For whatever reason, this public protest failed to capture the public’s attention in the same way that Kahoolawe did.

But I did capture some memorable moments. Click on either photo to see a larger version.

More of the photos that I could that day can be found here.

Old snapshots = amazing memory aids

Slogging through the process of scanning old snapshots stimulates the brain cells by reminding you of those past lived experiences! It turns a tedious task into a rather fun ride!

It appears that 1995 was one of Meda’s sabbatical years, although it looks like she took the spring semester off at full pay rather than the full year at half pay. That seems likely because the photo evidence is that we took at least two trips within a few months of each other, Boston in March and Melbourne, Australia, in July.

Seeing the horses reminded me that we stayed at the conference hotel, a Marriott in Copley Square. The horses are installed outside the hotel. From there, we walked around a lot of Boston.
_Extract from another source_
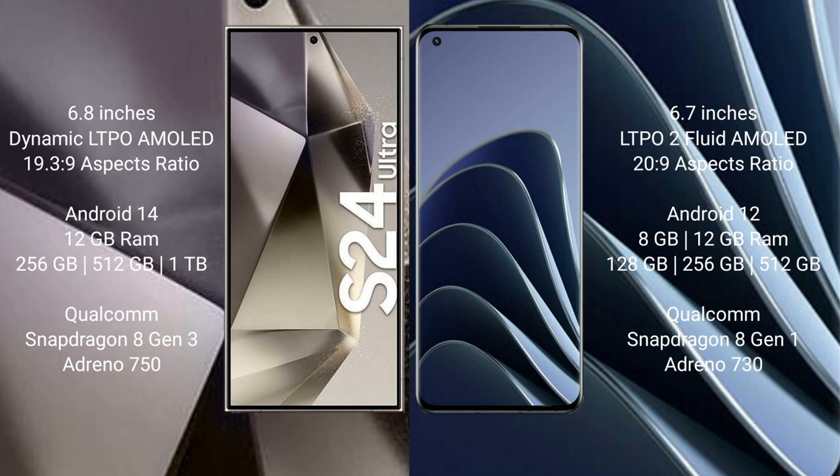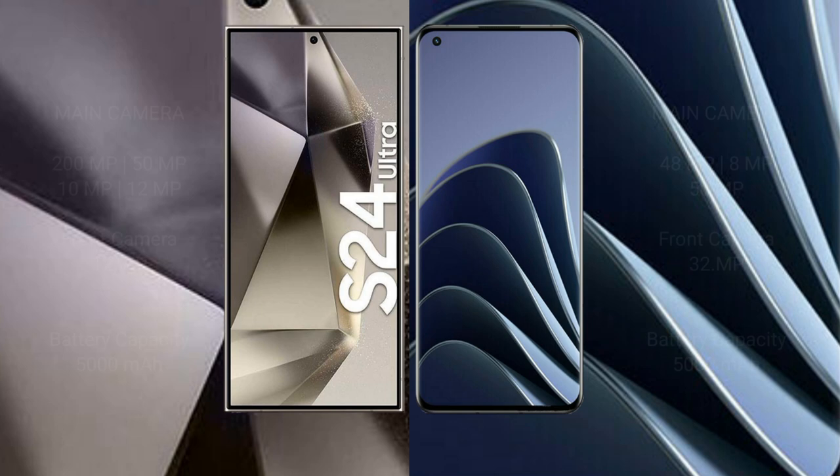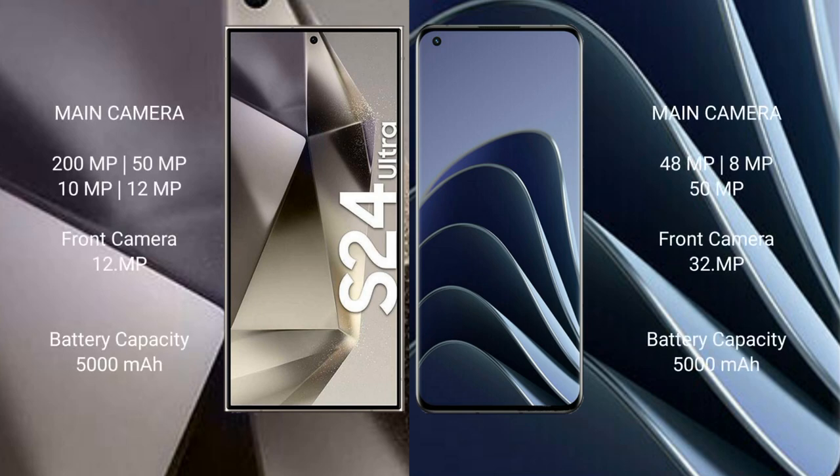The Samsung Galaxy S24 Ultra comes with 12GB RAM and 256GB, 512GB, or 1TB internal storage, powered by the Snapdragon 8 Gen 3 processor with Adreno GPU. The OnePlus 10 Pro comes with 8GB or 12GB RAM and 128GB or 256GB internal storage, powered by the Snapdragon 8 Gen 1 processor with Adreno GPU.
I remember that there was a lane in back of the hotel, and we discovered two restaurants back there that took us through the week. One was a Thai restaurant that we must have gone to three of the nights we were there. And there was also a pizza place that drew us in, or where we would pick up a pizza to take back to our room.

My favorite photo from our couple of weeks in Melbourne that same year was taken on a tour of the wine country north of Melbourne with a the husband of Meda’s colleague at the University of Melbourne.

Before the internet, there were clipping files

I’ll just attribute this question to the spring cleaning reflex.

I spent the past two days scanning an old blue binder’s worth of snapshots dating back to the period around 1987-1988. I can pretty confidently assign the dates based on the photos of our cats, including our first pair of calicos, Miki and Kua. We adopted Miki on Christmas 1986, and Kua in July 1987, while living in a townhouse project near Kahala Mall. And by May 1988, we had bought a house in Kaaawa and were in the process of moving. Photos of Kua as a kitten, and as a young cat, were scattered through this album, making the dating a relatively easy task. These photos all fell in that window of time, between mid-1987 and mid-1988.

And while pulling out the photo albums, I looked through other boxes containing miscellaneous files.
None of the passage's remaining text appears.